> **EXERCISE DATA**

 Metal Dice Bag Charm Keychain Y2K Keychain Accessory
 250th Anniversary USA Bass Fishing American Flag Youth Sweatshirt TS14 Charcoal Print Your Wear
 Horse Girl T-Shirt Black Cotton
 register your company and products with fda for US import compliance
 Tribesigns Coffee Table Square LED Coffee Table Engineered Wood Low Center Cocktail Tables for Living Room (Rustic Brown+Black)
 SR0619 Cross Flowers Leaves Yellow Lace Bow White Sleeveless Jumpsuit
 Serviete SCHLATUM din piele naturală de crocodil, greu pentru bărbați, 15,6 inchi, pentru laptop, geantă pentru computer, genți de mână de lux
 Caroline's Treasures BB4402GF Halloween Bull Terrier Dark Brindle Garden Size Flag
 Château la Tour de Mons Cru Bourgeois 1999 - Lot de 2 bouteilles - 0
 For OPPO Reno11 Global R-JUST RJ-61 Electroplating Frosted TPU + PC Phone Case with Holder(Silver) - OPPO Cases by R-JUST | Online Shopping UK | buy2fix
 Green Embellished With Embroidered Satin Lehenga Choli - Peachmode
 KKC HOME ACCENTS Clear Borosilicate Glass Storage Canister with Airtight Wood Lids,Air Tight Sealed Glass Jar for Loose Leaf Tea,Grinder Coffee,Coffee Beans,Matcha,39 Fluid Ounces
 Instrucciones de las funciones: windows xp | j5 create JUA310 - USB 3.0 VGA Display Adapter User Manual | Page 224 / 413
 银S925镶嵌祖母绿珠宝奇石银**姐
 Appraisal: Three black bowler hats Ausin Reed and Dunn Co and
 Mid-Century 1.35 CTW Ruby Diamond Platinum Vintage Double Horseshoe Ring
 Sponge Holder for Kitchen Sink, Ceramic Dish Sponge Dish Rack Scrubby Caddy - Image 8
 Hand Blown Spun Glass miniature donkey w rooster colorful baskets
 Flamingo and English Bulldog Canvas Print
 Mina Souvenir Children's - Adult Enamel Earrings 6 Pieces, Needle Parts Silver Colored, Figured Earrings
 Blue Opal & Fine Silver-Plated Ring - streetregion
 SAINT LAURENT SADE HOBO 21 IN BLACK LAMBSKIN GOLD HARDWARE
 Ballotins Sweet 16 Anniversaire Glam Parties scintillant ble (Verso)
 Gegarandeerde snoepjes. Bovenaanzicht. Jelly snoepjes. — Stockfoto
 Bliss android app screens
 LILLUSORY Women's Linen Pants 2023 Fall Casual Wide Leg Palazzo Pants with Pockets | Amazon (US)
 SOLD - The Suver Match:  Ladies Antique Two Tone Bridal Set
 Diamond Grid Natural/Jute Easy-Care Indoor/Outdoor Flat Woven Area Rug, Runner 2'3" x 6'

> **TASK OBJECTIVE**
Output exactly, and only, the lines running from the one that contains "Instrucciones de las" through the last line of the entries above.

> **REPLY TO THE TASK**
 Instrucciones de las funciones: windows xp | j5 create JUA310 - USB 3.0 VGA Display Adapter User Manual | Page 224 / 413
 银S925镶嵌祖母绿珠宝奇石银**姐
 Appraisal: Three black bowler hats Ausin Reed and Dunn Co and
 Mid-Century 1.35 CTW Ruby Diamond Platinum Vintage Double Horseshoe Ring
 Sponge Holder for Kitchen Sink, Ceramic Dish Sponge Dish Rack Scrubby Caddy - Image 8
 Hand Blown Spun Glass miniature donkey w rooster colorful baskets
 Flamingo and English Bulldog Canvas Print
 Mina Souvenir Children's - Adult Enamel Earrings 6 Pieces, Needle Parts Silver Colored, Figured Earrings
 Blue Opal & Fine Silver-Plated Ring - streetregion
 SAINT LAURENT SADE HOBO 21 IN BLACK LAMBSKIN GOLD HARDWARE
 Ballotins Sweet 16 Anniversaire Glam Parties scintillant ble (Verso)
 Gegarandeerde snoepjes. Bovenaanzicht. Jelly snoepjes. — Stockfoto
 Bliss android app screens
 LILLUSORY Women's Linen Pants 2023 Fall Casual Wide Leg Palazzo Pants with Pockets | Amazon (US)
 SOLD - The Suver Match:  Ladies Antique Two Tone Bridal Set
 Diamond Grid Natural/Jute Easy-Care Indoor/Outdoor Flat Woven Area Rug, Runner 2'3" x 6'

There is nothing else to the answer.